Adesso, dopo un tempo che è sembrato infinito, durante il quale ci si e’ aggirati intorno allo 0 – 0.25%, è stato deciso un flebile rialzo tra lo 0,25 % e lo 0,50 % insieme al rialzo del tasso di sconto su un range dallo 0.75 % all’1 %.
E’ indubbiamente un nuovo inizio, il segnale di una ripresa per il quale si e’ molto combattuto. L’uscita dal tunnel, per quanto a piccoli passi, viene vissuta con prudenza ma con idee chiare: sono previste quattro mosse a rialzo e il raggiungimento di un tetto del + 1,375 % entro dicembre 2016. Per il 2017 e’ previsto un + 2.625 %, mentre per l’anno 2018 si tende al + 3,375 % con i tassi di lungo periodo in pieno rilancio sul + 3,5 %.

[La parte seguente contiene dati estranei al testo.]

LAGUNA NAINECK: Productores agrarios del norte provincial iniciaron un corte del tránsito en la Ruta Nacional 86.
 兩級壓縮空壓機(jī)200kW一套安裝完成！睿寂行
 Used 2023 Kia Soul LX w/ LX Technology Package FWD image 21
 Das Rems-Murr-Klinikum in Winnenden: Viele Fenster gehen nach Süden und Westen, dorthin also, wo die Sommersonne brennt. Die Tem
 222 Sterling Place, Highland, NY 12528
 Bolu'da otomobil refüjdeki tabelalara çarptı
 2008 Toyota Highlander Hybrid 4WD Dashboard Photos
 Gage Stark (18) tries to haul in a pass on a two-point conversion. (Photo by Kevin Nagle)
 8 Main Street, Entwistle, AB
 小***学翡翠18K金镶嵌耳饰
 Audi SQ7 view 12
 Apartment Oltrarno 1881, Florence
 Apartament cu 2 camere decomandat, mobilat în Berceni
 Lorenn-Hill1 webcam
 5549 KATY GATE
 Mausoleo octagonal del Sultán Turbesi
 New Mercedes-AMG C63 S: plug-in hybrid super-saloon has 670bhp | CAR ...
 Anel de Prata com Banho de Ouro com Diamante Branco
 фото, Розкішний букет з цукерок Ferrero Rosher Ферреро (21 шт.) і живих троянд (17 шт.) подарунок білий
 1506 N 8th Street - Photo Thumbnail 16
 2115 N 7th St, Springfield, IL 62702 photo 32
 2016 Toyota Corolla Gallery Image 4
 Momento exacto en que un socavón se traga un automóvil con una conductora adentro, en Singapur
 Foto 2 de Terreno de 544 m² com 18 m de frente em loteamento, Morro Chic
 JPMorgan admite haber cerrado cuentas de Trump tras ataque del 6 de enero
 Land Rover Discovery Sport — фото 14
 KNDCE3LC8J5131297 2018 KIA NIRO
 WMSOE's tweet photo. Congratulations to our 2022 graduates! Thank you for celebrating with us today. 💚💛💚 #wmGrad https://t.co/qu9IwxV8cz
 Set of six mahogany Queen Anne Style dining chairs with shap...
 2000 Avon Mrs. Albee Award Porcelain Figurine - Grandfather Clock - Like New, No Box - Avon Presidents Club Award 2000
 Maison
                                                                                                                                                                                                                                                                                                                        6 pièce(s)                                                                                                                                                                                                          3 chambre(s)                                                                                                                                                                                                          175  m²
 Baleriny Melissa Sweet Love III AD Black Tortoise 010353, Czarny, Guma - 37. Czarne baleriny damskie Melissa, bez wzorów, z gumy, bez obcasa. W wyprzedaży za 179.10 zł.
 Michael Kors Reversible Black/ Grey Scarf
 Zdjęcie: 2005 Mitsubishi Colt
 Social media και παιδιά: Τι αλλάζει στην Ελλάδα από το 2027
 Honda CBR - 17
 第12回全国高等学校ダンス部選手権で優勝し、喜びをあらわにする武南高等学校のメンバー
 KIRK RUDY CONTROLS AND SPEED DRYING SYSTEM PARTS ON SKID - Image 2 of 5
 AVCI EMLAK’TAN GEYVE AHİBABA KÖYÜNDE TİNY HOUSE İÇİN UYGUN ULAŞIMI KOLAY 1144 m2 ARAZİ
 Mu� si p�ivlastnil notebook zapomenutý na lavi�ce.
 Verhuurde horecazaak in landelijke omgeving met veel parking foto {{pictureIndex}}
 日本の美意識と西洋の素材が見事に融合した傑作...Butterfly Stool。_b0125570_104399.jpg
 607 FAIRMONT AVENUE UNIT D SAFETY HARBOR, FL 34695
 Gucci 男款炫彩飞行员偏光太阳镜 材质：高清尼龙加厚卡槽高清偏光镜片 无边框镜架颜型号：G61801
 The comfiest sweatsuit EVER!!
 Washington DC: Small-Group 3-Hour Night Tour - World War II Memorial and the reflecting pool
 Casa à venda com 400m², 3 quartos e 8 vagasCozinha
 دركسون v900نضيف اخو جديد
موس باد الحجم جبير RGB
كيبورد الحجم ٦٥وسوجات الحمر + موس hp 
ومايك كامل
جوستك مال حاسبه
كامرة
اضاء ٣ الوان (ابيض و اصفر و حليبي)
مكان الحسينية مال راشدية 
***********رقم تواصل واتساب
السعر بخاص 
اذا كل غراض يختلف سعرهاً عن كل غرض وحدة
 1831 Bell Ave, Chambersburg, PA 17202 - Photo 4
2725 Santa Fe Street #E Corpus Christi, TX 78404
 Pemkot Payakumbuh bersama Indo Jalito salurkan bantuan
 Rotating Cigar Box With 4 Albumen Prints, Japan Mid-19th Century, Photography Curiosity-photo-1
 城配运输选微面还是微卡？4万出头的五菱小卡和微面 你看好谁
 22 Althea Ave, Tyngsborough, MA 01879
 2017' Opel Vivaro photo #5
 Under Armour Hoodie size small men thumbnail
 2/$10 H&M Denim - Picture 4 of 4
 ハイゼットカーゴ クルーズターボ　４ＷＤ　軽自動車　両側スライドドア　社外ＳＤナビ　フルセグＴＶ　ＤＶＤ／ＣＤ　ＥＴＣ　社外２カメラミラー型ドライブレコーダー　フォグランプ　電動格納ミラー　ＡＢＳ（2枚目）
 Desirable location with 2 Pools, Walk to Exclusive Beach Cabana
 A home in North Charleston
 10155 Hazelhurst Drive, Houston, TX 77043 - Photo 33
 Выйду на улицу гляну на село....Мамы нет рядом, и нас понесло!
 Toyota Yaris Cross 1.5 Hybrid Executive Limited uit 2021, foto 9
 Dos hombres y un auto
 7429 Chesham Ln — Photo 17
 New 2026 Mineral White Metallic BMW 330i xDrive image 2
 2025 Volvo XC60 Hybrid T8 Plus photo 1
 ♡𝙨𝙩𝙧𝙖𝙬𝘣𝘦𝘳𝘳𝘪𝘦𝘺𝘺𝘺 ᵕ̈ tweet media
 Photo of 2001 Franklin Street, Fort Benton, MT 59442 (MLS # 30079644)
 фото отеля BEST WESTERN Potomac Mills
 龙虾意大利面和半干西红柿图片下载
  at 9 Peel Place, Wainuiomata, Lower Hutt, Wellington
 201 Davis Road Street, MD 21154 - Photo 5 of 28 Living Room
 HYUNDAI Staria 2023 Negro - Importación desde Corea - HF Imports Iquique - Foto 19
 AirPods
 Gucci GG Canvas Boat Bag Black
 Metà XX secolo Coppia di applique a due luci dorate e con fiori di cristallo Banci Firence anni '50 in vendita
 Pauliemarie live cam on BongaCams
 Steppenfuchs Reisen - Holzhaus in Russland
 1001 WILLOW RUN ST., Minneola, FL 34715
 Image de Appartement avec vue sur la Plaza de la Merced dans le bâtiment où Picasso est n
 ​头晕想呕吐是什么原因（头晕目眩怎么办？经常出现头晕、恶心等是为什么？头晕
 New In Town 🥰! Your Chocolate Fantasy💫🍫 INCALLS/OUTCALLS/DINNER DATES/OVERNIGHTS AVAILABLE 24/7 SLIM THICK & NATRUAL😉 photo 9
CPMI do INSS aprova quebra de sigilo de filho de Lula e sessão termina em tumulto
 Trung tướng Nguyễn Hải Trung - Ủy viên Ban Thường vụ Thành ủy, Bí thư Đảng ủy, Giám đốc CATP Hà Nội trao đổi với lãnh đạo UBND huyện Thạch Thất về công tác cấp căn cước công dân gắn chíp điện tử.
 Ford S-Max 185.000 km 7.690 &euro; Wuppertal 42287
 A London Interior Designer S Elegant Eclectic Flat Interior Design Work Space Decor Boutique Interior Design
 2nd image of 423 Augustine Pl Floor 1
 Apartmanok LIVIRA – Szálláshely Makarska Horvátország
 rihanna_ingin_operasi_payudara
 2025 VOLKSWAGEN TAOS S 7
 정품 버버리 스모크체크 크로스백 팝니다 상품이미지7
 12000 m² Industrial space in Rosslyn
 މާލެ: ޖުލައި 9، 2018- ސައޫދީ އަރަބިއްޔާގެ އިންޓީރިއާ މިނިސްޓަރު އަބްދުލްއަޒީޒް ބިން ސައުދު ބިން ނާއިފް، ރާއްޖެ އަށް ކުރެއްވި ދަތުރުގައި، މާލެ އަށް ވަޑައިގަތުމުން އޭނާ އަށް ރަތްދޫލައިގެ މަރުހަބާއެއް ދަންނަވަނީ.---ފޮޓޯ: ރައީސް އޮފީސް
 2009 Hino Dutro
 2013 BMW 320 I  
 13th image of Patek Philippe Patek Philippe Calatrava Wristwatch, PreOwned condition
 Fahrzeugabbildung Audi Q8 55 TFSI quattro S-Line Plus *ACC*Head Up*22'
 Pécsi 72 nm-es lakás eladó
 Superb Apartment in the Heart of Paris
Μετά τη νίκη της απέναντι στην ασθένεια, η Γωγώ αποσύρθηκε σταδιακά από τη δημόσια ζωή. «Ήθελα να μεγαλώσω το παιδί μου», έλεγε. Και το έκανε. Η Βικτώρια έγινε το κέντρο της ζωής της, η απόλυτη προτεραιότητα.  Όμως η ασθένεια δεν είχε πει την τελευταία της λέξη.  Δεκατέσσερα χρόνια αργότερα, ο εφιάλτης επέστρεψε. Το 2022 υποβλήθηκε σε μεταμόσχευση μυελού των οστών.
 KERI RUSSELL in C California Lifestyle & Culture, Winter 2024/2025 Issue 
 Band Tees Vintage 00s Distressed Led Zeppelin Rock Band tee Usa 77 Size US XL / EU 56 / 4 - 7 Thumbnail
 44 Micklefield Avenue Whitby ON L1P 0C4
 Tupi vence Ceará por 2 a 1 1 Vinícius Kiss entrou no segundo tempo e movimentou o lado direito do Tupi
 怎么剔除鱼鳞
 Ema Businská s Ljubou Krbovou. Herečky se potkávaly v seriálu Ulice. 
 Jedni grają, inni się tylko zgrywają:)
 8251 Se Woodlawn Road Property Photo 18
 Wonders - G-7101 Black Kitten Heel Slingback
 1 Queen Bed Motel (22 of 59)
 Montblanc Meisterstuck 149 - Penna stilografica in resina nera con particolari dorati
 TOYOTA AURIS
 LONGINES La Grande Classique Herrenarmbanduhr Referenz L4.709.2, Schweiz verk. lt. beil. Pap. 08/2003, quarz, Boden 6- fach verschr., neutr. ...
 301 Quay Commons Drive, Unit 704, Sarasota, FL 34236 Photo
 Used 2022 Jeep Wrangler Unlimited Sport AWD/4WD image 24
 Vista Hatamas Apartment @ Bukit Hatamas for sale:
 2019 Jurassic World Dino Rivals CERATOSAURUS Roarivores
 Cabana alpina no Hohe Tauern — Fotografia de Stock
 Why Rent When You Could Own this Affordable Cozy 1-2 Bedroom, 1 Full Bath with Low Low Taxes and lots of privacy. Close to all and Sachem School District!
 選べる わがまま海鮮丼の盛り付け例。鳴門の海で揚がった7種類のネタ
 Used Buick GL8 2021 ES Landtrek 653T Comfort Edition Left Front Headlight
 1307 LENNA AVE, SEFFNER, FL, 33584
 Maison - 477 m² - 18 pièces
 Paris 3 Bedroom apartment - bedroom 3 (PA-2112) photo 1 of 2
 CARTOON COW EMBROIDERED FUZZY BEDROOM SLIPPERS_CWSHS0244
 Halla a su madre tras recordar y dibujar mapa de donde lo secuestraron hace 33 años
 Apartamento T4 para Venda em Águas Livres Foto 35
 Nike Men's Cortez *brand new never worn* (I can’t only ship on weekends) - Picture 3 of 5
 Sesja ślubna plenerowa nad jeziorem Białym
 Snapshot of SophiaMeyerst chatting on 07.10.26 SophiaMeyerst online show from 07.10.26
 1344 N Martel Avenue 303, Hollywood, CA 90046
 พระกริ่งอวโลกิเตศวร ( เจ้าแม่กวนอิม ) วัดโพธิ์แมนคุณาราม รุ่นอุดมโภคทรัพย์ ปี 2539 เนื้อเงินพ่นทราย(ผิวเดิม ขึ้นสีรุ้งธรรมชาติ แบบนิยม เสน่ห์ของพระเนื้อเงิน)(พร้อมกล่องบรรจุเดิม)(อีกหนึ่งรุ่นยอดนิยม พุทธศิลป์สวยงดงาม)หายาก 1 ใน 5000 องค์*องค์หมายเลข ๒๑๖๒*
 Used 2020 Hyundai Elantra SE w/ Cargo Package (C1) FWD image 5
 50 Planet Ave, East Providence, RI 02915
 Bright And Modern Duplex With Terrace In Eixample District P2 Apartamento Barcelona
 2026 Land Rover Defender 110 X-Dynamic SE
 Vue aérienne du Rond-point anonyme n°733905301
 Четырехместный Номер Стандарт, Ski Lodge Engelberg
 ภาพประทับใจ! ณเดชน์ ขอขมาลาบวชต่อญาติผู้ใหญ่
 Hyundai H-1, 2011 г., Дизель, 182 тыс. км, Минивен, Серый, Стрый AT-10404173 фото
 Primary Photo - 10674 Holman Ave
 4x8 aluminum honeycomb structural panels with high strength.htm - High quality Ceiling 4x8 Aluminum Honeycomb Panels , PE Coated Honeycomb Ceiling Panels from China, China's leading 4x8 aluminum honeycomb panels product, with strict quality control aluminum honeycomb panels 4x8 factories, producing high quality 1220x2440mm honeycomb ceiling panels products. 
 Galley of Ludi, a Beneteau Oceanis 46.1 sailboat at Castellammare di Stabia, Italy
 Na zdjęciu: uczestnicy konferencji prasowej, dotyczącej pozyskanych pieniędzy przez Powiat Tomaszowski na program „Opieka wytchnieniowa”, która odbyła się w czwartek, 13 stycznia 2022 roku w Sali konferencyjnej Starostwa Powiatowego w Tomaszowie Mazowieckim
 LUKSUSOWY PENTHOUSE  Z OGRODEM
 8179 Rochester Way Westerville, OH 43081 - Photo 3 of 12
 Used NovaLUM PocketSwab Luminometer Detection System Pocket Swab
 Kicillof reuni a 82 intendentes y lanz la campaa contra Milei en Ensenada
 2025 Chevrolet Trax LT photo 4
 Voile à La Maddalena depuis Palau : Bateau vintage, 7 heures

Ovviamente dopo cio’, non poteva evitarsi un contraccolpo di rilievo: l’euro si ritrova in perdita nei confronti del dollaro al di sotto di un valore di cambio di 1,09. Per ora la reazione per tutti i mercati è simile allo scuotersi da un torpore radicato per anni: il Ftse Mib, l’indice azionario di Piazza Affari, registra rialzi del + 2 % , mentre la Borsa di Tokyo viaggia sul + 1.6 % . Wall Street vede il Dow Jones intorno al + 1.28 % con il Nasdaq che procede verso il + 1.52 %. Occhi puntati quindi sui rialzi Fed e su cosa cambiera’ prossimamente nel panorama dell’assetto monetario internazionale.